__Description of the task__:
Filter the records below for the word "Vintage". Copy each line that holds it.

Available records below:

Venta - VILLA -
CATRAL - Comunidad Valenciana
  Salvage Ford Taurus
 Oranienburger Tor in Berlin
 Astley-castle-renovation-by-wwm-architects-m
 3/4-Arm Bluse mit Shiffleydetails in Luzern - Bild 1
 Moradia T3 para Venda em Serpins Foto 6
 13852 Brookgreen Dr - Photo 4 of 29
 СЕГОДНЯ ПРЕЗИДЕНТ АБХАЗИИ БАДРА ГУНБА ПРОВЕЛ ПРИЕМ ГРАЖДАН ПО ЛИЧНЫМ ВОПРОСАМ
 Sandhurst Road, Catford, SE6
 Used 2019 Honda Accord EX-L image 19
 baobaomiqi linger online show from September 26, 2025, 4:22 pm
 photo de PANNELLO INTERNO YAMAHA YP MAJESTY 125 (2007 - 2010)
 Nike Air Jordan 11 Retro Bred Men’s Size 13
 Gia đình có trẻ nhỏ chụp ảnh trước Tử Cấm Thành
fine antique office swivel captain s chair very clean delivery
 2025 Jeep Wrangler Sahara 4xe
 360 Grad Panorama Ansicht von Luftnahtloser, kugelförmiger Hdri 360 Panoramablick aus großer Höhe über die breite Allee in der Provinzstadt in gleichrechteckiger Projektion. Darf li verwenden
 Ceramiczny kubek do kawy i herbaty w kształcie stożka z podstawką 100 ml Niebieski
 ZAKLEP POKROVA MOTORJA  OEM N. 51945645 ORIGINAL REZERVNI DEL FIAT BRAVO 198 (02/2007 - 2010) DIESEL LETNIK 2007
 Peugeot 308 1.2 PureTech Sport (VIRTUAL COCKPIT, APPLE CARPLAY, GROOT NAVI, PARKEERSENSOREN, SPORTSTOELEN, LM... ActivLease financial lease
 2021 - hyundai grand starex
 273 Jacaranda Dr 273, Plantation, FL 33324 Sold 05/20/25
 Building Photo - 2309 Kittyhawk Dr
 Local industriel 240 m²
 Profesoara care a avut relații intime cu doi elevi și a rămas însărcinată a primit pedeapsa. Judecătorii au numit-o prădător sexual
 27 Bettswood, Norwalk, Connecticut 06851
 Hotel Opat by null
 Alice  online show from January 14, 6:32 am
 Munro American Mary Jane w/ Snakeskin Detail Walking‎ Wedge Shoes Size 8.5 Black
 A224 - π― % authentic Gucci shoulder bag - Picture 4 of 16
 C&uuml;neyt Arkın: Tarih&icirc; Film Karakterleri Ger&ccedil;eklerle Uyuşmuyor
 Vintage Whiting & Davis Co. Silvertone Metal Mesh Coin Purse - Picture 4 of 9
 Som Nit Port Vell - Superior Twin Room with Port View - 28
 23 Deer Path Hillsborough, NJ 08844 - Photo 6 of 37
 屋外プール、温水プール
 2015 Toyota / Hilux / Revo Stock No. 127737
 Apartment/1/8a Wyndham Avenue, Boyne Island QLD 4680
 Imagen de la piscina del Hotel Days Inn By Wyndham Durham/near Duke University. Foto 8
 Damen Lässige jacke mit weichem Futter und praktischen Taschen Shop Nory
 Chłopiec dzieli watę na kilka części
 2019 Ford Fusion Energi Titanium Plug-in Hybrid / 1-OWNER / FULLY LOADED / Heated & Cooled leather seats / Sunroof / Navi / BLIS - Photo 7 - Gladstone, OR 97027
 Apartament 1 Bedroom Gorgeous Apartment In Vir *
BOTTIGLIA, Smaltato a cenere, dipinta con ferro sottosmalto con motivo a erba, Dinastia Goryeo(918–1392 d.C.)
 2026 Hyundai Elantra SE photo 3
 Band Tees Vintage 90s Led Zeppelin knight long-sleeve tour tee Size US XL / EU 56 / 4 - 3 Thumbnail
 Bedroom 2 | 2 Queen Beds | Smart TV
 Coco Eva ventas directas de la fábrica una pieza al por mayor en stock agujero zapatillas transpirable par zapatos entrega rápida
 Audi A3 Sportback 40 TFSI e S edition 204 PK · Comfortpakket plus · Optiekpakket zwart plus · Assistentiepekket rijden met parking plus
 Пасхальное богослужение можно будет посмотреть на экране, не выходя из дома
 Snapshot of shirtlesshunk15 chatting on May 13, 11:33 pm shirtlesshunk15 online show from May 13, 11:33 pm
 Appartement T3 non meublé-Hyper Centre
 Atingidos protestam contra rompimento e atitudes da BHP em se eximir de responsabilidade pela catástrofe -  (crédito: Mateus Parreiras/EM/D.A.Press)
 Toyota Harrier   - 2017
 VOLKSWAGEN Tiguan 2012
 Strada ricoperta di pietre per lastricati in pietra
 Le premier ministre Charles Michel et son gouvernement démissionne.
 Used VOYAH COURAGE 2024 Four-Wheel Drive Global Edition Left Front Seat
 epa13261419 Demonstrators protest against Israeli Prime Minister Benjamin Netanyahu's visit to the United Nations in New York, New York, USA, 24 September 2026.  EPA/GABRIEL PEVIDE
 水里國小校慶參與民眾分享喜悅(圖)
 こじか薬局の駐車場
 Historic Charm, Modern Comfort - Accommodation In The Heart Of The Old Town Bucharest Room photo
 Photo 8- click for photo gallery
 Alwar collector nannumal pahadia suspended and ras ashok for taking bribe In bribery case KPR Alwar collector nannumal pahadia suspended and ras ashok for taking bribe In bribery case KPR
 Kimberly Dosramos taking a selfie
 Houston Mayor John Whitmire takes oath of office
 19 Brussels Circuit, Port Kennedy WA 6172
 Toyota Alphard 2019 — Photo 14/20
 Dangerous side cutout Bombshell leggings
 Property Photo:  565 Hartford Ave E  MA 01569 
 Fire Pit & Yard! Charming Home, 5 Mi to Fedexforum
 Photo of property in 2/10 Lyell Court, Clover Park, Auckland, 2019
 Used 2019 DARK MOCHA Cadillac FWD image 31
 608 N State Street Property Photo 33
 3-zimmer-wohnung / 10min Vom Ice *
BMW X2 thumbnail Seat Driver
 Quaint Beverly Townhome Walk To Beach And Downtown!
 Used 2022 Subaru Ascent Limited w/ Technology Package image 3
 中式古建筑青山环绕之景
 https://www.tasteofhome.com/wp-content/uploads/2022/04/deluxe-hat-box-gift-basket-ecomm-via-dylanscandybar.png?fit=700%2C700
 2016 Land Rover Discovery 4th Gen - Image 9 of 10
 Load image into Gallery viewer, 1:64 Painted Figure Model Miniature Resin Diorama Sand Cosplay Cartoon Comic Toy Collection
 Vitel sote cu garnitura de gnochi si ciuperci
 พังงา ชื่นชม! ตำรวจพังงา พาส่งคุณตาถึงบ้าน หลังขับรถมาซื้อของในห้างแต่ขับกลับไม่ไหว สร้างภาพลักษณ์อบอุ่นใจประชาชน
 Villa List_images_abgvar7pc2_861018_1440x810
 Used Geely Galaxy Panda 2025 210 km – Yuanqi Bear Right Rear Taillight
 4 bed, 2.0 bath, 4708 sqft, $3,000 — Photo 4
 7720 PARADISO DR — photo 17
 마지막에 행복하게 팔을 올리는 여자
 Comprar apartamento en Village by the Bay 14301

End of Available records.

__Answer to this problem__:
 Vintage Whiting & Davis Co. Silvertone Metal Mesh Coin Purse - Picture 4 of 9
 Band Tees Vintage 90s Led Zeppelin knight long-sleeve tour tee Size US XL / EU 56 / 4 - 3 Thumbnail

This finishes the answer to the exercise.